I stayed in the guest room.
I didn't cry.
I was done with tears.
I was planning.
On the third day, I dressed. A white suit.
Sharp. Professional. Armor.
I drove to the club.
The bouncers let me in, though their eyes darted away, nervous and evasive.
They knew.
Everyone knew.
The Capo's wife was falling from grace, and they all had front-row seats.
I walked through the smoky lounge, ignoring the burning stares of the soldiers and the strippers.
I ascended the stairs to the VIP level.
I reached Dante's office door.
It was slightly ajar.
Voices drifted from inside. Low. Tense.
I recognized the gravelly baritone of Consigliere Vitale.
"You look like hell, Dante," Vitale said.
"I feel like hell," Dante grunted.
The sharp clink of glass against glass punctuated the silence.
"This situation with Elena," Vitale said. "It is becoming a distraction. The men are talking."
"Let them talk," Dante snapped.
"They are saying you can't control your house," Vitale pressed. "They are saying Sofia has you on a leash."
"Sofia is a responsibility," Dante said, his voice weary. "Nothing more."
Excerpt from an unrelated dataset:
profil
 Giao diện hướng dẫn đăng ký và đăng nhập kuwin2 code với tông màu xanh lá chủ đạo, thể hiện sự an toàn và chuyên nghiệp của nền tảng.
"Is she?" Vitale challenged. "Because you are spending your nights here, while your wife is alone in that fortress."
I held my breath.
I leaned closer to the gap in the door.
This was it.
The moment of truth.
"Elena is difficult," Dante said. "She is cold. She is demanding. She sees enemies where there are none."
He paused, and I could practically hear the unspoken words: I just want peace. Sofia gives me peace. Elena gives me war.
"And Sofia?" Vitale asked. "If you had to choose. The debt of honor, or the vow of marriage?"
There was a long, agonizing silence.
My heart hammered against my ribs like a trapped bird.
"Sofia has no one," Dante said finally. "Her family is dead because of me. Elena... Elena is a Vitiello. She is made of iron. She will survive anything."
Sofia needs me. Elena doesn't.
He chose her.
Not because he loved her more.
But because he thought I was strong enough to break.
He was punishing me for my strength.
I stepped back from the door.
The pain was so sharp it felt physical, like a knife twisting in my gut.
But then, clarity washed over me, cold and absolute.
He was right.
I was made of iron.
And iron didn't bend.
It struck.
I pushed the door open.
Dante looked up, startled.
He looked terrible. Unshaven, eyes bloodshot, his shirt unbuttoned.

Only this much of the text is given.